The Long Tail - Chris Anderson

The long tail article by Anderson, covered how the media and entertainment industries will succeed not by pushing only mass market hits that are popular among many but by also mining the "long tail" of interest among a few in less-popular books, songs, movies and more. As we discussed in class that top 20% in any market makes more profit than the other 80%, however Anderson in his article says, that the other 80% can create as much profit as the top 20%. Sure, maybe thousands want to buy a hit song. But add up all those who want to buy lesser-known titles, and they might generate as much or more revenue than the hits themselves. As a merchant, you want to tap into both the "head" of interest and the "long tail" that follows behind. The first is we forget that the 20 percent rule in the entertainment industry is about hits, not sales of any sort. We're stuck in a hit-driven mindset - we think that if something isn't a hit, it won't make money and so won't return the cost of its production. We assume, in other words, that only hits deserve to exist. Like executives at iTunes, Amazon, and Netflix, has discovered that the "misses" usually make money, too. And because there are so many more of them, that money can add up quickly to a huge new market.

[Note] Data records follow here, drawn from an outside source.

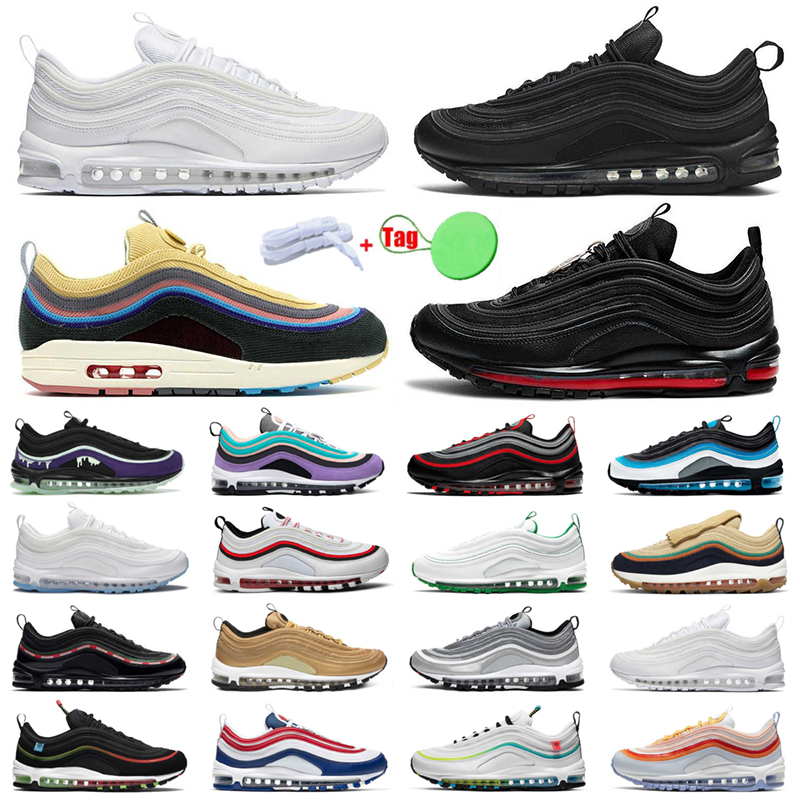

97s Running Shoes Men Women Triple Black White sean wseparatespoon reflective bred game royal neon seoul lucky and good Trainers Sneakers, #9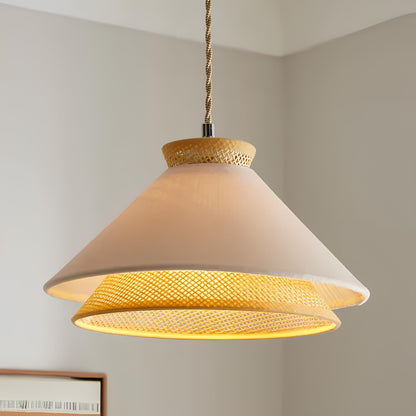 Rattan Hanging lamp for Living Room | Cane Pendant light | Wicker ceiling light - Sipla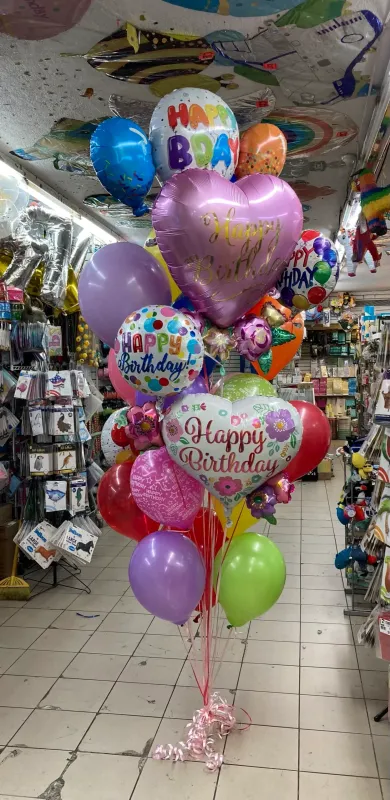 Valentine's Day Helium Balloon Bouquet (includes 8 latex balloons)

The tail makes much more sense when you see charts that illustrate it, such as the one below:


The point I was explaining in that article is that there are a large number of queries that happen far less often than the "leading" terms like "hit song" or "just a song" at the head of the list. Most queries form the long tail that's illustrated behind the head. Tap into the tail, and you've got sizable traffic, as well as traffic that often is reported to convert better than less general terms.

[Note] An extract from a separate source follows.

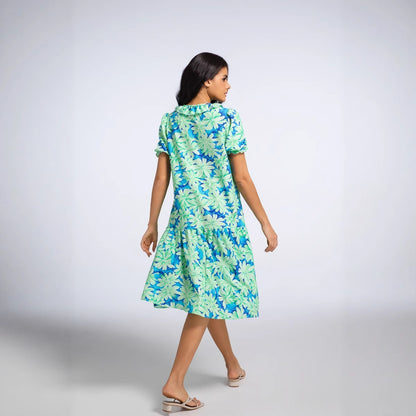 print ruffle-sleeve midi dress - green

In other words, search has a long tail too. While it might not be new to search, it's certainly great to have the tail becoming more popularized in general. That's because it will further help those search marketers who mistakenly fixate on only the most popular terms to realize they need to consider the tail as well.


1 comment:

Graeme Bill said...

Thats funny that you connected the article that we read in IT class and made the connection to marketing. If all a company is able to do what the long tail says then its marketing could be done well and more successful.